No me gusta. Lo leeré porque no me queda más remedio que conocer el final pero no me gusta. No sólo no me gusta sino que su lectura se está haciendo intolerable. La prosa descriptiva de Muñoz Molina es intachable, excelente, superior, envidiable, sí, realmente envidiable de cómo es capaz de dar vida y cuerpo al objeto más insignificante, sin aburrirnos, sin sorprendernos, de la manera más natural del mundo; nos hace cómplices de su visión de las cosas, nos es fácil entenderla y casi participar de ella, y a la vez apabulla por la precisión y la belleza de la palabra.

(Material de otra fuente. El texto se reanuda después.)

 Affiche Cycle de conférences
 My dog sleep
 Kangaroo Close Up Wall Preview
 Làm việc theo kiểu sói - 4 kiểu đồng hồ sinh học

Pero estoy irremediablemente empezando a detestar ese libro. Es atroz, abominable. No puedo leer la muerte de una niña, no puedo leer cómo la han violado ni cómo le han metido las bragas por la boca, no puedo leer el dolor infundido y quedarme indiferente como si la cosa no fuera conmigo. Y ese conato de empatía indeseada es lo que me hace abominable la novela de Muñoz Molina. Y me gustaría coger el libro, enterrarlo y olvidarme de que se me ocurrió una vez abrirlo. Pero es que quiero que ese excremento muera de la manera más indecible y abyecta que pueda imaginarse. Y como Muñoz Molina no se ponga de parte de la víctima, al mínimo intento por humanizar ese excremento, no volveré a leer a Muñoz Molina en mi vida.
Sí, lo admito, soy así de fanática.
Y debe haber una manera más allá de la muerte, más terrible que esta de que estos excrementos la paguen. Sólo es cuestión de pensarla.